(Brief descriptive captions)
|---|
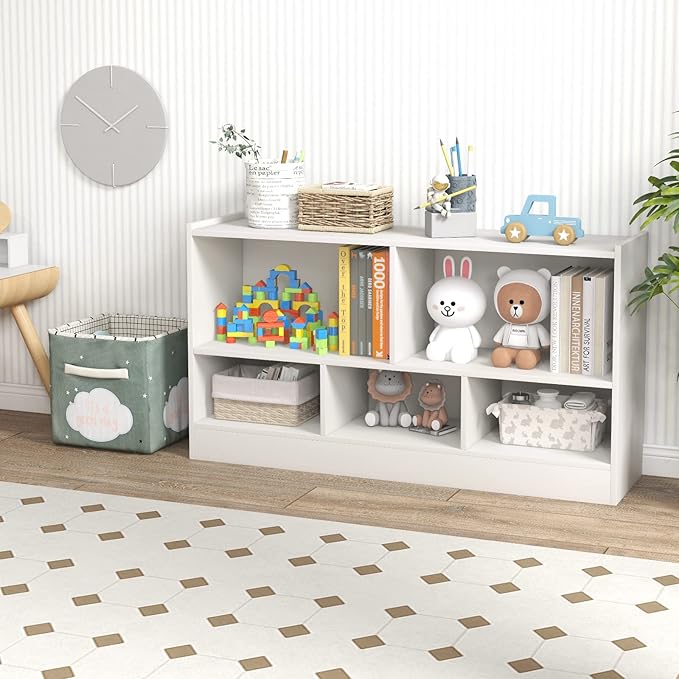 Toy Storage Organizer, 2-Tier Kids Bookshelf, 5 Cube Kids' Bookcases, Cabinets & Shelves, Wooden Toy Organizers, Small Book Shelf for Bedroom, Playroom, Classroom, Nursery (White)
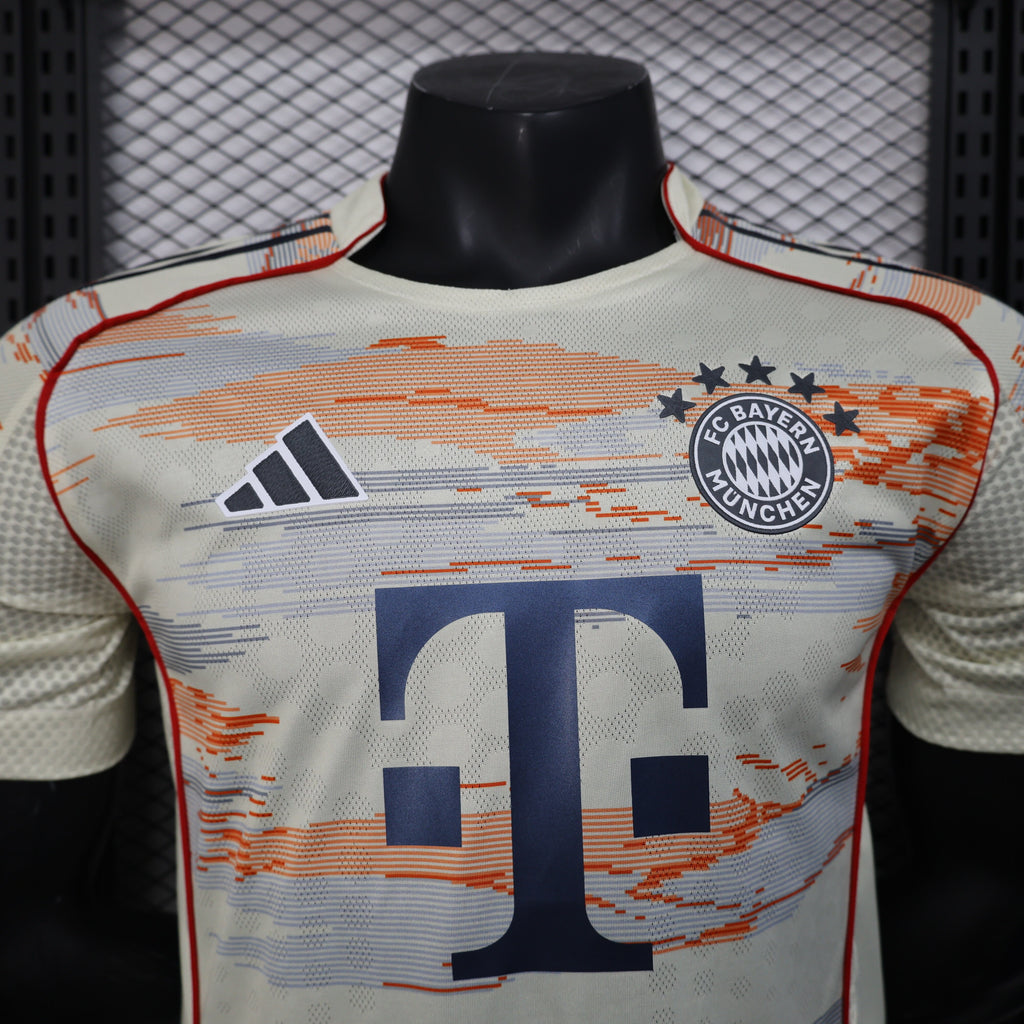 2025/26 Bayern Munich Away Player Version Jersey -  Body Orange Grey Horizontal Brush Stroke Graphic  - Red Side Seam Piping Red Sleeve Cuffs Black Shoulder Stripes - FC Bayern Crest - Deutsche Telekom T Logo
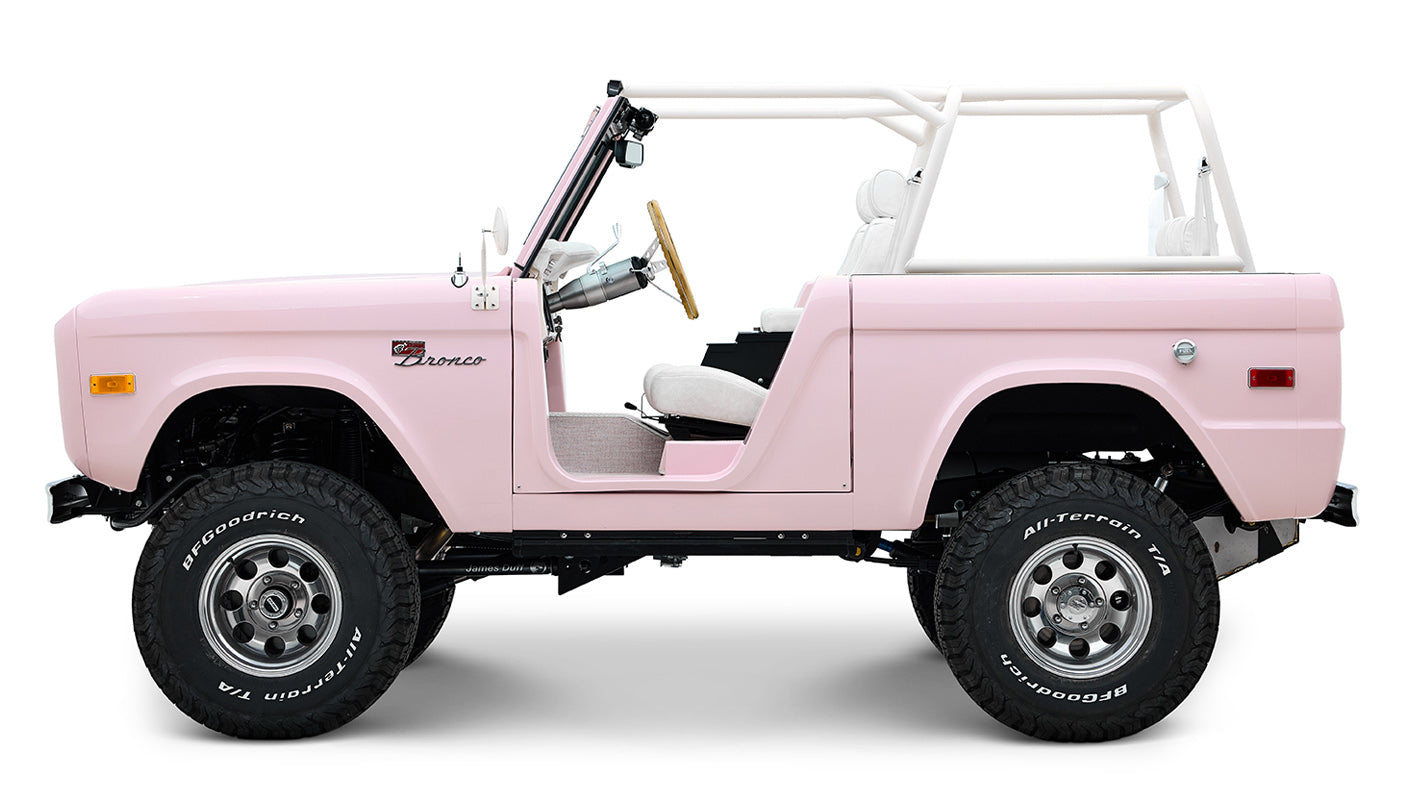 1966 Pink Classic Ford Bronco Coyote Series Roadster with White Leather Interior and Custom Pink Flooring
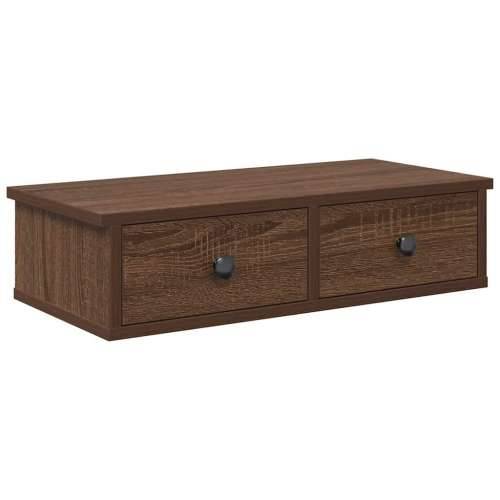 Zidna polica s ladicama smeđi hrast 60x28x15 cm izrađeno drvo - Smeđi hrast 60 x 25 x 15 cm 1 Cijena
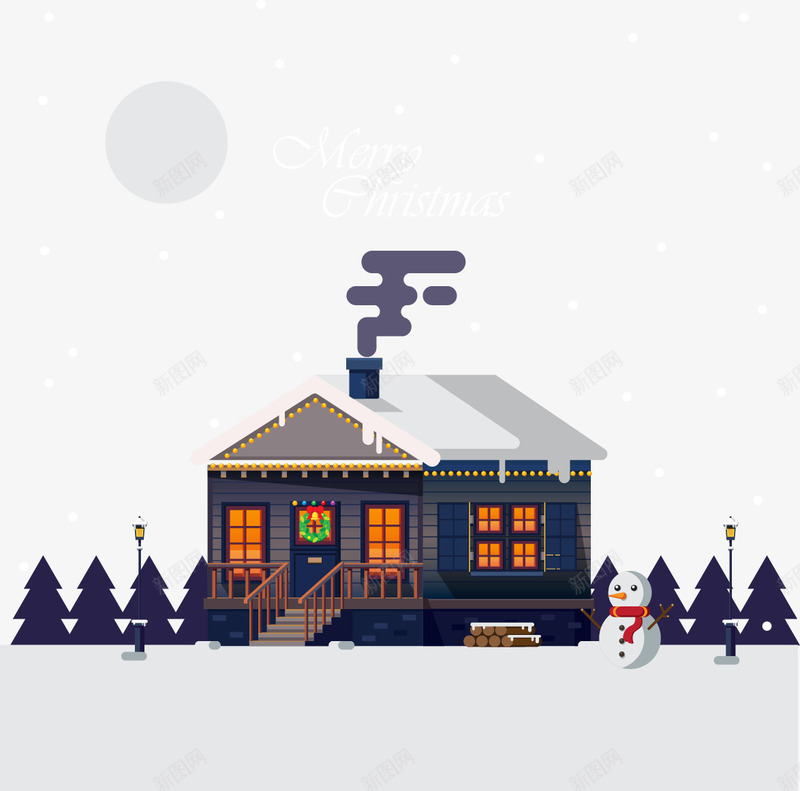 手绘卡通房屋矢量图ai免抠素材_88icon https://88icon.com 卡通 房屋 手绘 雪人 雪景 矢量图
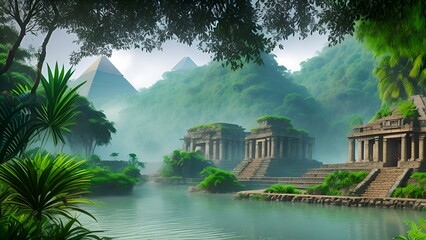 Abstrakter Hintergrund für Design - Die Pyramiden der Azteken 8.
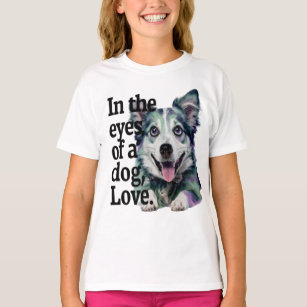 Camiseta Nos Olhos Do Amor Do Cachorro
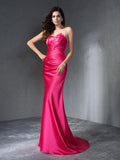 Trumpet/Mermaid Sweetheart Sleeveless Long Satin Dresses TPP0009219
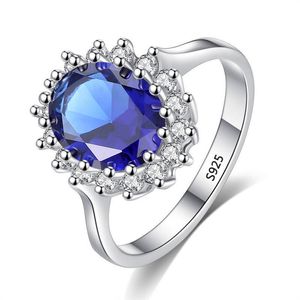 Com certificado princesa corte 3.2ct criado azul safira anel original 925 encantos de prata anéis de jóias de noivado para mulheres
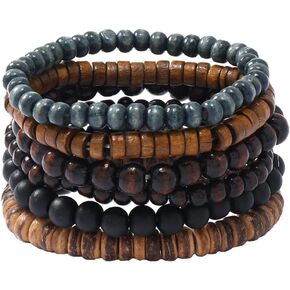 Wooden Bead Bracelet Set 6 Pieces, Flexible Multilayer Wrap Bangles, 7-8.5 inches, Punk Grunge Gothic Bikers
|---|
**Exercise objective**
Beginning at the line above that contains "手绘卡通房屋矢量图ai免抠素材_88icon https://88icon.com 卡通" and going on through the line that contains "Trumpet/Mermaid Sweetheart Sleeveless", please copy every line exactly, leaving the pictures out and adding nothing.

**Task solution**
 手绘卡通房屋矢量图ai免抠素材_88icon https://88icon.com 卡通 房屋 手绘 雪人 雪景 矢量图
 Abstrakter Hintergrund für Design - Die Pyramiden der Azteken 8.
 Camiseta Nos Olhos Do Amor Do Cachorro
 Trumpet/Mermaid Sweetheart Sleeveless Long Satin Dresses TPP0009219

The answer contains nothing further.